Look just a little closer at the photo and notice the number ‘90’ on the carrot cake. My grandparents were looking pretty good at my Granny’s 90th birthday, weren’t they! They went on to live another 5 years, all but the last year in amazingly good health.
Just like my grandparents, Americans are living longer. That’s the good news. The bad news is that most people aren’t financially prepared. Many Baby Boomers will be in retirement for over 20 years and unfortunately, many aren’t saving and investing with a longer life-expectancy in mind.
There are serious consequences to financial planning around a life expectancy that is too short. Some retirees are working later in life; others live in fear of running out of money, while others are leaving less of a legacy than they had hoped. No one wants to run out of money in retirement. By incorporating Biblical wisdom alongside of sound investment management and financial planning principals, we can help you gain clarity with your retirement plan, whether retirement lasts one decade or three.

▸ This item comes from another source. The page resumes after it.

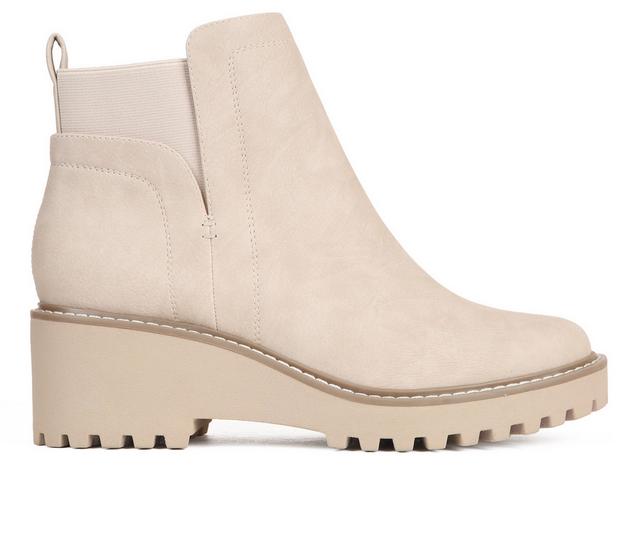 Women's DV BY DOLCE VITA Rielle Chelsea Boots in Dune color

How Long Should You Expect to Live?
The Social Security Administration notes that at 65-years old, the average man can expect to live to roughly 84.3 years of age, whereas the average 65-year old woman can expect to live until age 86.6. This means that on average, Americans can expect to spend about 20 years in retirement.
However, there is a strong chance that you will be in retirement much longer than 20 years. One out of every four 65-year olds will live past the age of 90, and one out of every 10 will live past the age of 95. Are you prepared for three decades of retirement? Most people aren’t.
With these figures in mind, here are 3 steps that can be taken to better plan for your financial longevity:
Step 1) Develop a Clear Vision of Your Retirement Lifestyle
To create and execute a well-conceived plan, you need a clear vision of your lifestyle in retirement. Start by defining your goals and asking yourself:
- How much is enough to support my envisioned lifestyle?
- What will excite me about getting up every morning?
- How will I feel about not going to work and how will I replace the relationships I valued for so long?
- How will I fill my calendar every day? Every week?
- How can I be the best steward of my time, talents and money?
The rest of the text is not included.